Are we to believe Stephen Harper's claim that shipping more reactors and uranium to India will be as benign as building indigenous solar and wind power plants?
Hardly. Both India and Pakistan now use reactors, based on the unique Candu design, to make plutonium and tritium for their hydrogen bombs. All Candu reactor models produce plutonium. Both countries know how to extract plutonium from waste fuel, and distill tritium gas. Both have refused to sign the NPT or global bomb test protocols. Both adamantly assert a sovereign right to perfect, test and stockpile an unrestricted number of missile-capable nuclear weapons.
Worse yet, India has also committed to building a fleet of even more dangerous reactors, called fast breeders, which will operate as dual civilian-military facilities. These will not only vastly increase the volume of plutonium created and extracted, but convert an abundant yet atomically benign mineral, thorium, into yet another fissile outlaw element, Uranium-233.
This will further blur any distinction between peaceful and military atomic uses within India, and undoubtedly incite Pakistan to match its rival by either building its own breeder reactors, or escalating plutonium production at its civilian power plants to keep weapons parity with India.
In a contortion worthy of Houdini, Mr. Harper claims Canada can prevent a repeat of the 1974 nuclear betrayal because India has solemnly promised to specify which facilities are military or civilian, and to keep them strictly segregated. But this is akin to keeping a bucket of water divided in half - fissile materials, knowledge, and budgets are notoriously porous, hidden in secrecy, and immune to meaningful inspection or policing.
But there is an even deeper danger embedded in the proposed resumption of Canadian nuclear sales with India.
It tells the rest of the world - and all potential proliferating regimes - that there is no serious penalty for abetting a regional
arms race, building ever more deadly weapons of mass destruction, refusing to join the NPT, or betraying a solemn 'peaceful use' promise.

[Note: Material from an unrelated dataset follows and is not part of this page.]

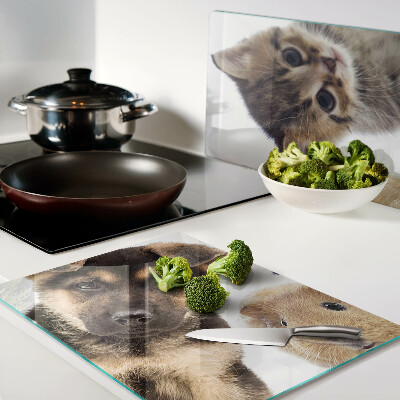 Tagliere in vetro temperato con motivo con cani, gatti e conigli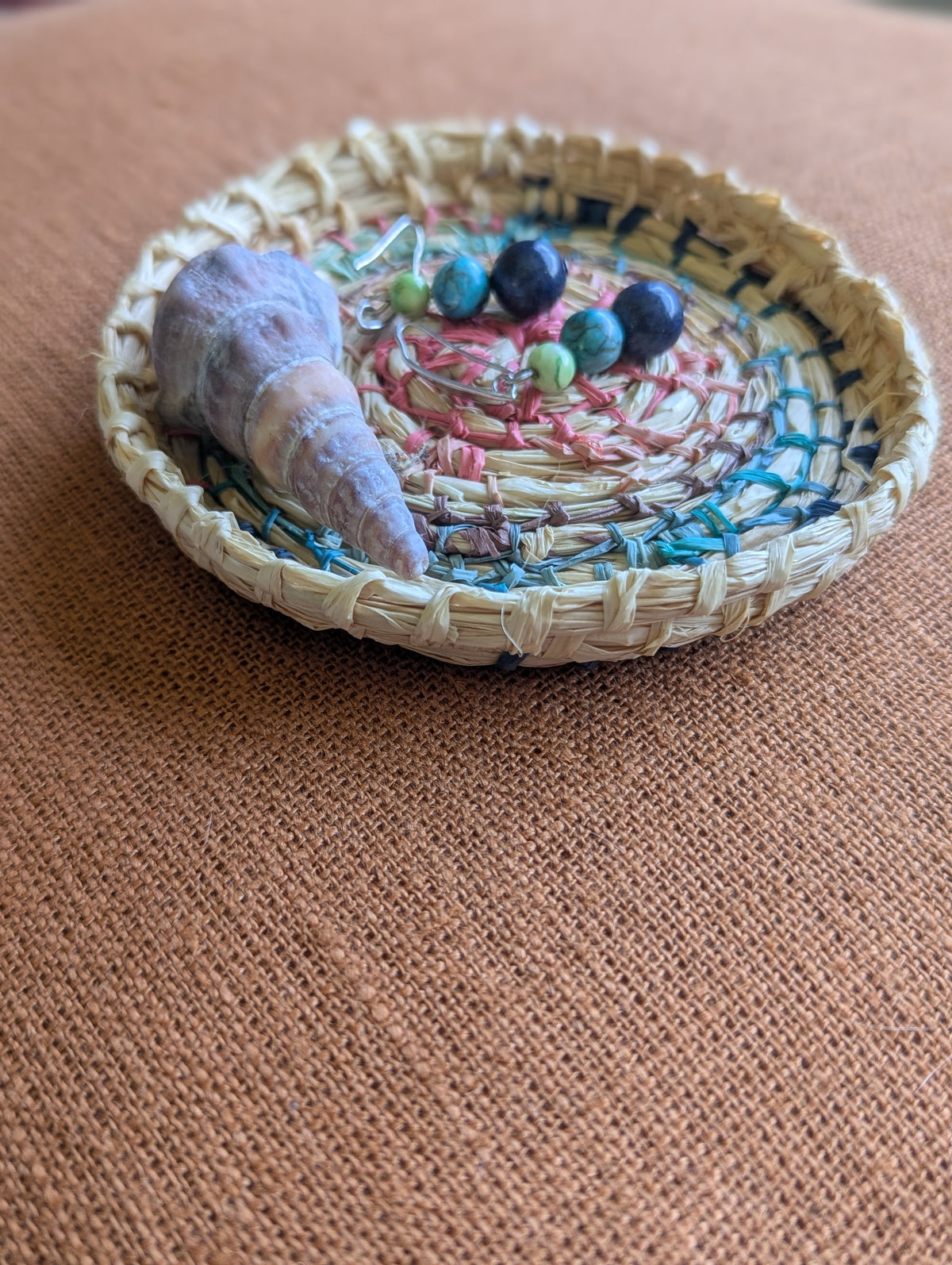 Small Coiled Basket | Organizer Small items Storage | Multicolour & Natural Raffia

Of all countries, Canada should be the last to concede this ethical ground. It was India which blackened our international honour in 1974, and has remained unrepentant ever since. Unlike Australia, which refuses to sell uranium to non-NPT countries, international arms control protocols that have taken decades to construct are being sabotaged by Ottawa for the sake of some quick sales.
This is commerce without any conscience. Let us pray India soon spurns such craven nuclear offers in favour of globally-financed, domestically built green power projects which can better solve its security, climate and poverty problems.

Paul McKay is an award-winning journalist, and the author of "Atomic Accomplice: How Canada Deals in Deadly Deceit".